The simple answer here is NO. There are some areas where VAT is ‘blocked’, which means although you will be charged and pay VAT you will not be able to reclaim it.

One common example of this is where you take a client or customer out for a meal to discuss business. This is classed as ‘entertainment’ and no VAT is reclaimable here.

If completing your own VAT return you will need to be fluent in the VAT rules, as there are many quirks! Our favourite example of this is the tale of ‘Jaffa Cakes’.

No VAT is charged on plain biscuits or general cakes (in the same way most ‘food’ from the supermarket won’t have VAT on it).

However, when you add chocolate to the biscuit it becomes ‘luxury’ and has 20% VAT added to it.

HMRC challenged the makers of Jaffa Cakes on this point, as they felt they were a biscuit, not a cake. They lost, and the courts decided they were cakes, therefore no VAT!

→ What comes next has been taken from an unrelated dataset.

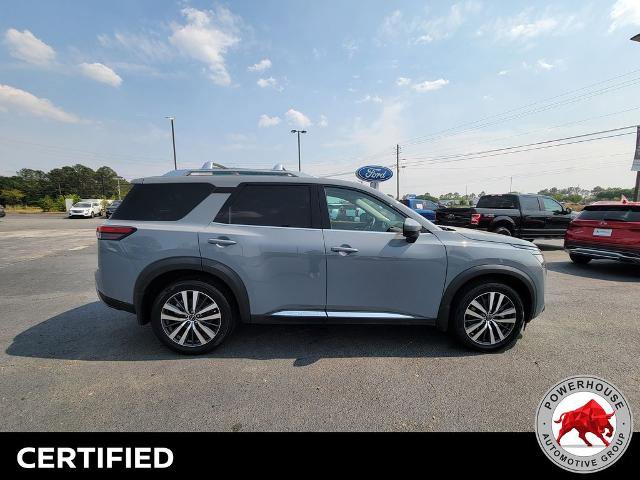 Used 2022 Nissan Pathfinder Platinum w/ Cargo Package AWD/4WD image 7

We could chat about what happens if you put chocolate trousers on a gingerbread man, or why Bourbons aren’t luxury….. but maybe that is another blog!


As you can hopefully see from the examples, VAT can often be a beneficial thing, but equally can be something you must consider and plan for if dealing with the non VAT registered people or businesses.

If you are VAT registered, we would always recommend professional advice be taken with your returns and certainly before registering, to fully understand the impact.

We help many of our clients complete their VAT returns as part of our service, to ensure they are maximising what can be claimed, and peace of mind it is correct! As with all things ‘tax’, HM Revenue & Customs apply penalties and surcharges to any errors they spot, or returns not submitted.

If you need to chat about your VAT concerns, problems or questions, please give us a call 02392 240040.

NOTE: As we started with, VAT is a very complex tax, so advice should be sought on your exact situation before deciding if a VAT registration is for your business. These simple examples could not possibly take into account all the various options that could affect the figures or commentary shown here.